● EXERCISE DIRECTIONS
Taking the line with "Close-up of a" as the first and the line with "Carver Covers 3000S02; Cover, Utv Black Med" as the last, set down exactly every line in that range from the entries below, and no more.

● RECORDS
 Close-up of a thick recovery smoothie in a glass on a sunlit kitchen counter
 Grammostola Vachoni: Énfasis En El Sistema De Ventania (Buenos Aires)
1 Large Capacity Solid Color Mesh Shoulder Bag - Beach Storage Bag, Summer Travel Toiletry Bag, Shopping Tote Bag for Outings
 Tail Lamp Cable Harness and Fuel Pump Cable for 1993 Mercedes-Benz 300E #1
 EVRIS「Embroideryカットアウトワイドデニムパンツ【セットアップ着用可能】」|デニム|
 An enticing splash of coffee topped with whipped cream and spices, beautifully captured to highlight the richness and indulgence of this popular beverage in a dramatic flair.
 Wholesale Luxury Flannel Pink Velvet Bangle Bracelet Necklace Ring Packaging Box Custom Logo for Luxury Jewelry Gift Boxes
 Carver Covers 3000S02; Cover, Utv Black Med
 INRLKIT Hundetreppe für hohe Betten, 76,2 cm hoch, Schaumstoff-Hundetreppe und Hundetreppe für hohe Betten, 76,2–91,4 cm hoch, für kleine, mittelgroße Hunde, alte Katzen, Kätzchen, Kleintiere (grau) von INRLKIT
==
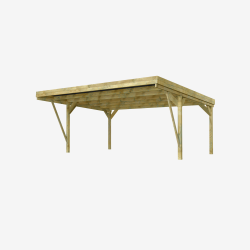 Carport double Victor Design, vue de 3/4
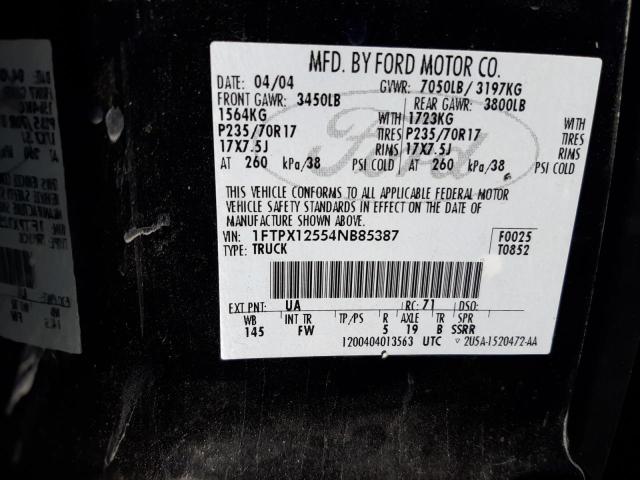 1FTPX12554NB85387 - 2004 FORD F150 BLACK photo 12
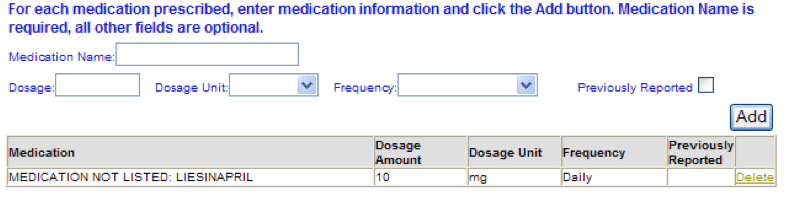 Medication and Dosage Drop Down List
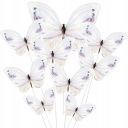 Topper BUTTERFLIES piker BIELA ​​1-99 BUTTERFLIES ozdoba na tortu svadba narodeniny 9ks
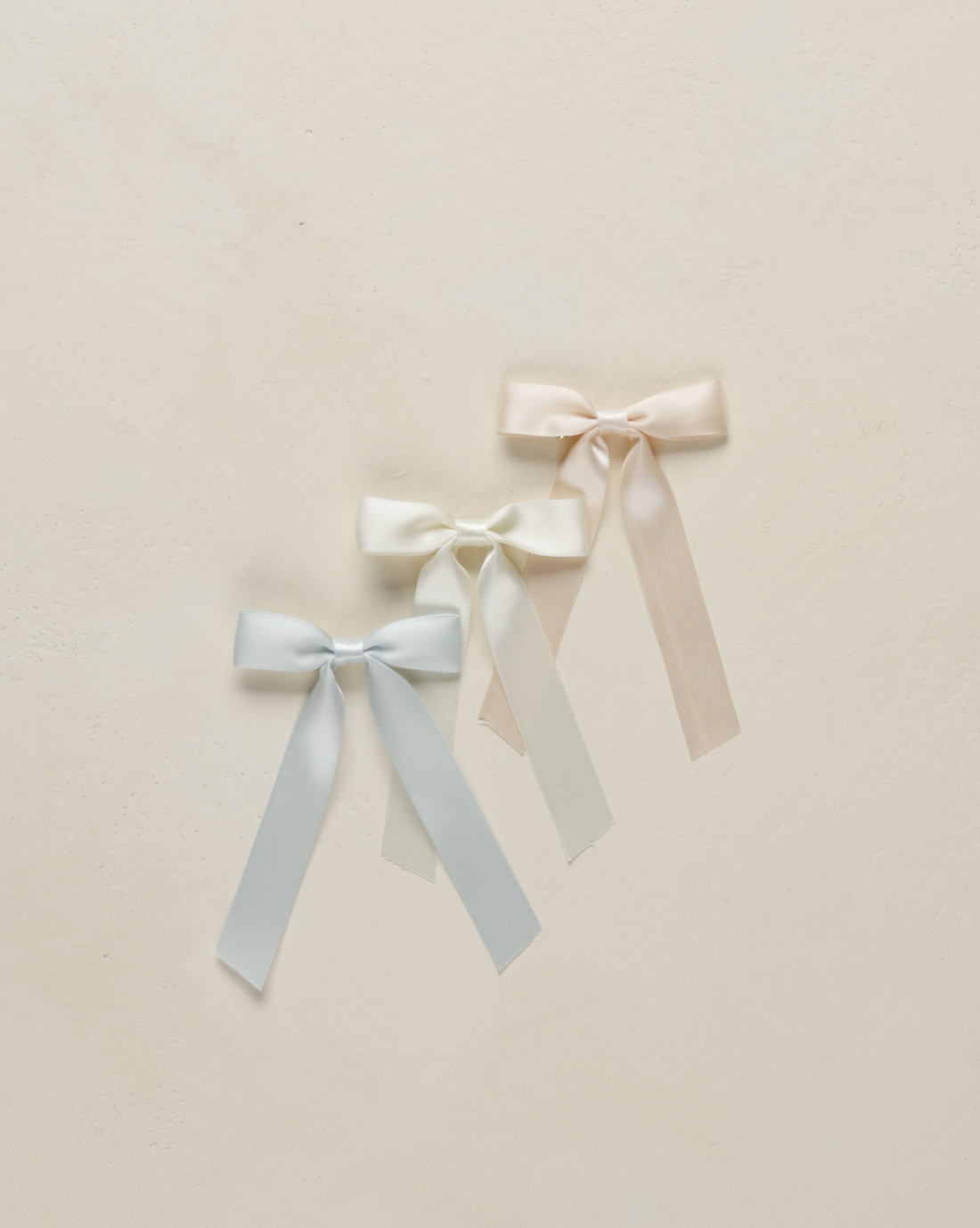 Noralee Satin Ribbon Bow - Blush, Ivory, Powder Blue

● RESULT OF THE EXERCISE
 Close-up of a thick recovery smoothie in a glass on a sunlit kitchen counter
 Grammostola Vachoni: Énfasis En El Sistema De Ventania (Buenos Aires)
1 Large Capacity Solid Color Mesh Shoulder Bag - Beach Storage Bag, Summer Travel Toiletry Bag, Shopping Tote Bag for Outings
 Tail Lamp Cable Harness and Fuel Pump Cable for 1993 Mercedes-Benz 300E #1
 EVRIS「Embroideryカットアウトワイドデニムパンツ【セットアップ着用可能】」|デニム|
 An enticing splash of coffee topped with whipped cream and spices, beautifully captured to highlight the richness and indulgence of this popular beverage in a dramatic flair.
 Wholesale Luxury Flannel Pink Velvet Bangle Bracelet Necklace Ring Packaging Box Custom Logo for Luxury Jewelry Gift Boxes
 Carver Covers 3000S02; Cover, Utv Black Med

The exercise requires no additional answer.